Saved data entries
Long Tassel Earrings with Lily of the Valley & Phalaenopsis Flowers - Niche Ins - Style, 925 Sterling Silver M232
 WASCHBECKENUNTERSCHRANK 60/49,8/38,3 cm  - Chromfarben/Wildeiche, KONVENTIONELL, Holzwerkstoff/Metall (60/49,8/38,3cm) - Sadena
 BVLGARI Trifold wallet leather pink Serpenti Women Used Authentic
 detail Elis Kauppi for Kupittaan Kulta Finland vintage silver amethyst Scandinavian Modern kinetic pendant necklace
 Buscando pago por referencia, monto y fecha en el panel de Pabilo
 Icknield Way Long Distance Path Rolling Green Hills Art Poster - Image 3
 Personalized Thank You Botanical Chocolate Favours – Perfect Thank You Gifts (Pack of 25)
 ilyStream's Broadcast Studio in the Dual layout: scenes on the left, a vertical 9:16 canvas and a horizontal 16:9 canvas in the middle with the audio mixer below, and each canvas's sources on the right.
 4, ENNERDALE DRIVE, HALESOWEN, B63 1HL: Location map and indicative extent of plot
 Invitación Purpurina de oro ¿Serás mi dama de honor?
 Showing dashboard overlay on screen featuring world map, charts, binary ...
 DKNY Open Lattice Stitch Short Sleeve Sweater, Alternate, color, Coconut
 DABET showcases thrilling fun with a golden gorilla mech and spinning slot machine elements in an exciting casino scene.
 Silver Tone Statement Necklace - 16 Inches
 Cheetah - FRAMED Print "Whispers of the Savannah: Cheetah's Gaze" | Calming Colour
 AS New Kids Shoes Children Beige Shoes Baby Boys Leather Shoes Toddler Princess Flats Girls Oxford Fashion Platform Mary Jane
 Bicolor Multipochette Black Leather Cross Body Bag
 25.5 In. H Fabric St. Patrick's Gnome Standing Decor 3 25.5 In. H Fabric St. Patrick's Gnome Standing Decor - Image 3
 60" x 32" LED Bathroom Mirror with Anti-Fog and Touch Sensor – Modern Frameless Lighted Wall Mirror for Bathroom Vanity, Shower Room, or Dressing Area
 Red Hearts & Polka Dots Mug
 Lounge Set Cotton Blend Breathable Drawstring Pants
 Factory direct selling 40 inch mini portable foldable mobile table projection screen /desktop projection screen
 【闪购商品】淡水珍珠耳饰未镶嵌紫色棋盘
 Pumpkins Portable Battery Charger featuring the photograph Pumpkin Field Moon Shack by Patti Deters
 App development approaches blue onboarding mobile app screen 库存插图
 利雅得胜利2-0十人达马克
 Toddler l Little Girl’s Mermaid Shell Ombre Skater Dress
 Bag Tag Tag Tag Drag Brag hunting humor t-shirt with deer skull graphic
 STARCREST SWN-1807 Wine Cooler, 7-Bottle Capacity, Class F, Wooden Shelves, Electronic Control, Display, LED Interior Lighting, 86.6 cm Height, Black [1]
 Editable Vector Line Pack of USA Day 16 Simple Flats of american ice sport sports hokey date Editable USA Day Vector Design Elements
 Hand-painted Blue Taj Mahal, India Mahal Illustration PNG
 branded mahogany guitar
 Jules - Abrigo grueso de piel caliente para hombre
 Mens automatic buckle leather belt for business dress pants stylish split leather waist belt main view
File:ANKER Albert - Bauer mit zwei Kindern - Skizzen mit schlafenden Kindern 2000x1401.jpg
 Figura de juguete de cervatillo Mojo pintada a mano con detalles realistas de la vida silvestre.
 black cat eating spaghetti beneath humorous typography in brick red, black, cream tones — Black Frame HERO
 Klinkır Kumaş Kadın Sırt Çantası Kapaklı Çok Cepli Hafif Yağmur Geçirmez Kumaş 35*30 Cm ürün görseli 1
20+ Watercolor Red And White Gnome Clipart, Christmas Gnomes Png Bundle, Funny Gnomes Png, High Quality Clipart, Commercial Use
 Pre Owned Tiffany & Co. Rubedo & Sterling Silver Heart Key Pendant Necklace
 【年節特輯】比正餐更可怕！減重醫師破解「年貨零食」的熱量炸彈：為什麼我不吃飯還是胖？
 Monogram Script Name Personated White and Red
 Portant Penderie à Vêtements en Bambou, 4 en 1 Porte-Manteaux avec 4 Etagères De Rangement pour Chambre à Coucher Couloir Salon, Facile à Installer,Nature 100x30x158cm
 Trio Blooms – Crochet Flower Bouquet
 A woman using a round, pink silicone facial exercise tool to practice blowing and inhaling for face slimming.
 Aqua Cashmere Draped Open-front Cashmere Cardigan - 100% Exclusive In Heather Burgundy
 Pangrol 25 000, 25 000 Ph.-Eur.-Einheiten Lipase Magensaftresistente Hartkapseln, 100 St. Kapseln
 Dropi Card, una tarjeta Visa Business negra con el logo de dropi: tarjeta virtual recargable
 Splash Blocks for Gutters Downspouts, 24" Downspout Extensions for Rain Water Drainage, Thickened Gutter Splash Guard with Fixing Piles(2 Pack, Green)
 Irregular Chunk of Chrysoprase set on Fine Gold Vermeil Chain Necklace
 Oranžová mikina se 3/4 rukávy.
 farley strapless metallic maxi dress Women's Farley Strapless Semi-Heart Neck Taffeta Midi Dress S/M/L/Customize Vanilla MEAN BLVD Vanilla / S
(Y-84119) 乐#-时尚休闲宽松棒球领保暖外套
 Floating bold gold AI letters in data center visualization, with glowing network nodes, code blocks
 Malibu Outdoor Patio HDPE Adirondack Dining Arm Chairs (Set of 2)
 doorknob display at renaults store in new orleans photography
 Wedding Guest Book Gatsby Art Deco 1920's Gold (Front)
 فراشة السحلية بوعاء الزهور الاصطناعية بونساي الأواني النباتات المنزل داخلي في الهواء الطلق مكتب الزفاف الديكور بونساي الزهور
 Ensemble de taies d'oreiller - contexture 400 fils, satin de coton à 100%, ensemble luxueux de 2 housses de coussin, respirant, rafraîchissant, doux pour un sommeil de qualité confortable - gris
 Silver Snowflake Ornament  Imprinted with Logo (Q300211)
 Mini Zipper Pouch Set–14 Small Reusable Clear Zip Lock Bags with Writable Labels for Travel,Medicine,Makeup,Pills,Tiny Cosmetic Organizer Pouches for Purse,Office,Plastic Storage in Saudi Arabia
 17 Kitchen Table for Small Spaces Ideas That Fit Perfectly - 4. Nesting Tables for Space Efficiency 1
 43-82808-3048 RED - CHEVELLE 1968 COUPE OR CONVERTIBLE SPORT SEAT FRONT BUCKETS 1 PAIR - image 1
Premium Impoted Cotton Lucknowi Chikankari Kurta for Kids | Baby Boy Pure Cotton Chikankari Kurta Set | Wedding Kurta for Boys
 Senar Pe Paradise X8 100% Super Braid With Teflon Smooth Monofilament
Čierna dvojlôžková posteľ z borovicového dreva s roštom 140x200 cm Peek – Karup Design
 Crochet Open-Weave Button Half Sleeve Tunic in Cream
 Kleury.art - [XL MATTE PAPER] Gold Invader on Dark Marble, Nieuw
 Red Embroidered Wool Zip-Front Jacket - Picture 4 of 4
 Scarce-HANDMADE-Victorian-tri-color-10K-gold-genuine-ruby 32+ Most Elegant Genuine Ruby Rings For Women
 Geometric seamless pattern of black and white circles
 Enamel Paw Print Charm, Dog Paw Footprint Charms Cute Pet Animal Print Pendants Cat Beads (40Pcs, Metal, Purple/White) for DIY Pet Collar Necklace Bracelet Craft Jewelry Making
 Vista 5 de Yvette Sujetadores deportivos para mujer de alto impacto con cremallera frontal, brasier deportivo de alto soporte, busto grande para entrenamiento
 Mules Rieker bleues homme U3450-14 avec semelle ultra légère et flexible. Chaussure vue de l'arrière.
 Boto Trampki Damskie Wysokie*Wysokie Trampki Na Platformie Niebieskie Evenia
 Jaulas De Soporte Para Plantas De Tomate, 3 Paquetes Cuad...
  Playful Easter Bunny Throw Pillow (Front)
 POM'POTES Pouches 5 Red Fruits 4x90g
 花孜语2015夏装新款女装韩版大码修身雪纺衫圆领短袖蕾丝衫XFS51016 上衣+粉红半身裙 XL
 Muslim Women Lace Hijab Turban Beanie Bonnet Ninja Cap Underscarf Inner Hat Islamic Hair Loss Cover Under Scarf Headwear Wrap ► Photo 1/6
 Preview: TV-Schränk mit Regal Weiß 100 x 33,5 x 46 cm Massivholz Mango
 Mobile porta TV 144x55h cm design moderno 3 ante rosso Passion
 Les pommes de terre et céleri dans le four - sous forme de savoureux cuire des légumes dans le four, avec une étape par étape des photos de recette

→ **ASSIGNMENT**
Take the stretch of lines above from the one containing "Buscando pago por" through the one containing "Pumpkins Portable Battery" and repeat it exactly, adding no other line.

→ **THE ANSWER**
 Buscando pago por referencia, monto y fecha en el panel de Pabilo
 Icknield Way Long Distance Path Rolling Green Hills Art Poster - Image 3
 Personalized Thank You Botanical Chocolate Favours – Perfect Thank You Gifts (Pack of 25)
 ilyStream's Broadcast Studio in the Dual layout: scenes on the left, a vertical 9:16 canvas and a horizontal 16:9 canvas in the middle with the audio mixer below, and each canvas's sources on the right.
 4, ENNERDALE DRIVE, HALESOWEN, B63 1HL: Location map and indicative extent of plot
 Invitación Purpurina de oro ¿Serás mi dama de honor?
 Showing dashboard overlay on screen featuring world map, charts, binary ...
 DKNY Open Lattice Stitch Short Sleeve Sweater, Alternate, color, Coconut
 DABET showcases thrilling fun with a golden gorilla mech and spinning slot machine elements in an exciting casino scene.
 Silver Tone Statement Necklace - 16 Inches
 Cheetah - FRAMED Print "Whispers of the Savannah: Cheetah's Gaze" | Calming Colour
 AS New Kids Shoes Children Beige Shoes Baby Boys Leather Shoes Toddler Princess Flats Girls Oxford Fashion Platform Mary Jane
 Bicolor Multipochette Black Leather Cross Body Bag
 25.5 In. H Fabric St. Patrick's Gnome Standing Decor 3 25.5 In. H Fabric St. Patrick's Gnome Standing Decor - Image 3
 60" x 32" LED Bathroom Mirror with Anti-Fog and Touch Sensor – Modern Frameless Lighted Wall Mirror for Bathroom Vanity, Shower Room, or Dressing Area
 Red Hearts & Polka Dots Mug
 Lounge Set Cotton Blend Breathable Drawstring Pants
 Factory direct selling 40 inch mini portable foldable mobile table projection screen /desktop projection screen
 【闪购商品】淡水珍珠耳饰未镶嵌紫色棋盘
 Pumpkins Portable Battery Charger featuring the photograph Pumpkin Field Moon Shack by Patti Deters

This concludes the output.